A backlight module comprising a back plate and a light source, wherein the light source is disposed on the back plate, and the outer side of the back plate near the light source is provided with a heat pipe, and the light source and the heat pipe are disposed on the sidewall of the back plate The heat pipe is located between the light source and the bottom wall of the back plate, and the back plate is provided with a groove that is trapped inside the back plate. The heat pipe is disposed in the groove, and the heat pipe is a tubular heat pipe, and the heat pipe is disposed in parallel with the light source. And accompanying the entire length of the light source, the backboard includes a frame and a bottom plate which are formed by splicing a plurality of frame brackets, and the bottom plate is a hollow bottom plate composed of a plurality of grid bars fixed on the frame.

2. A backlight module, comprising a back plate and a light source, wherein the light source is disposed on the back plate, and the outer side of the back plate near the light source is provided with a heat pipe.

3. The backlight module as claimed in claim 2, wherein the light source and the heat pipe are disposed on a sidewall of the back plate, and the heat pipe is located between the light source and the bottom wall of the back plate.

4. The backlight module as claimed in claim 2, wherein the light source is disposed on a sidewall of the backboard, and the heat pipe is located on a bottom wall of the backboard.

The backlight module of claim 2, wherein the light source and the heat pipe are both disposed on a bottom wall of the backboard.

The backlight module of claim 2, wherein the light source is disposed on a bottom wall of the backboard, and the heat pipe is disposed on a sidewall of the backboard.

7. The backlight module as claimed in claim 2, wherein the back plate is provided with a recess that is recessed toward the inside of the back plate, and the heat pipe is disposed in the groove.

8. The backlight module as claimed in claim 7, wherein the heat pipe is a tubular heat pipe, and the heat pipe is disposed in parallel with the light source and is accompanied by the entire length of the light source.

9. The backlight module as claimed in claim 2, wherein the backboard comprises a frame and a bottom plate which are formed by splicing a plurality of frame supports.

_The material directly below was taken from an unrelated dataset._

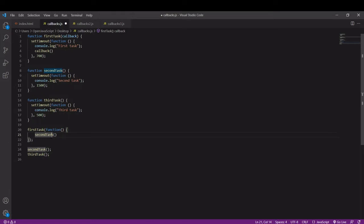I can repeat this process adding a parameter to the second task function, calling the parameter which will be a function when I call it, and I'm going to place that call when task 2 is complete. This function will call task 3.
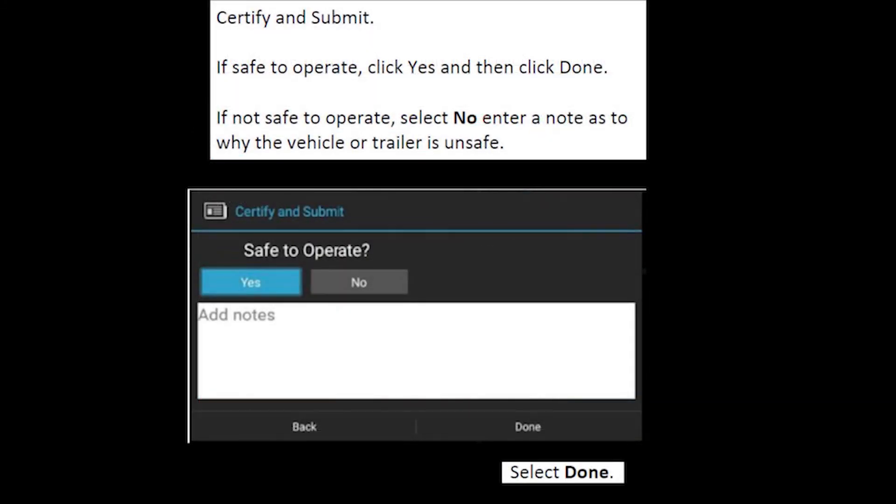You want to hit yes, safe to operate and then select done. If the equipment is not safe to operate at that point, you do want to get a hold of dispatch, call maintenance, and make sure you are operating the equipment safely.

The backlight module of claim 9, wherein the bottom plate is a hollow bottom plate composed of a plurality of grids fixed on the frame.

A liquid crystal display device, comprising a backlight module, the backlight module comprises a back plate and a light source, the light source is disposed on the back plate, and the outer side of the back plate near the light source is provided with a heat pipe.

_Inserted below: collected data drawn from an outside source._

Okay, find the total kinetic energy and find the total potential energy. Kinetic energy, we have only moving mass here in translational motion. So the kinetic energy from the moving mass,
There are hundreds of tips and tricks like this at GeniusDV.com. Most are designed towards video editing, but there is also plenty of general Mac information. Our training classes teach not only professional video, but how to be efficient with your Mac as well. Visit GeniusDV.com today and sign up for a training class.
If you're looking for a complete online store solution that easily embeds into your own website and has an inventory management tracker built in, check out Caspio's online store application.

The liquid crystal display device according to claim 11, wherein the light source and the heat pipe are disposed on a side wall of the back plate, and the heat pipe is located between the light source and the bottom wall of the back plate.

13. The liquid crystal display device according to claim 11, wherein the light source is disposed on a side wall of the backing plate, and the heat pipe is located on a bottom wall of the backing plate.

14. The liquid crystal display device according to claim 11, wherein the light source and the heat pipe are both disposed on a bottom wall of the back plate.

The liquid crystal display device according to claim 11, wherein the light source is disposed on a bottom wall of the back plate, and the heat pipe is disposed on a side wall of the back plate.

The liquid crystal display device according to claim 11, wherein the back plate is provided with a recess that is recessed toward the inner portion of the back plate, and the heat pipe is disposed in the recess.

The liquid crystal display device according to claim 16, wherein the heat pipe is a tubular heat pipe, and the heat pipe is disposed in parallel with the light source and is accompanied by the entire length of the light source.

The liquid crystal display device according to claim 11, wherein the back plate comprises a frame and a bottom plate which are formed by splicing a plurality of frame supports.

The liquid crystal display device according to claim 18, wherein the bottom plate is a hollow bottom plate composed of a plurality of grids fixed to the frame.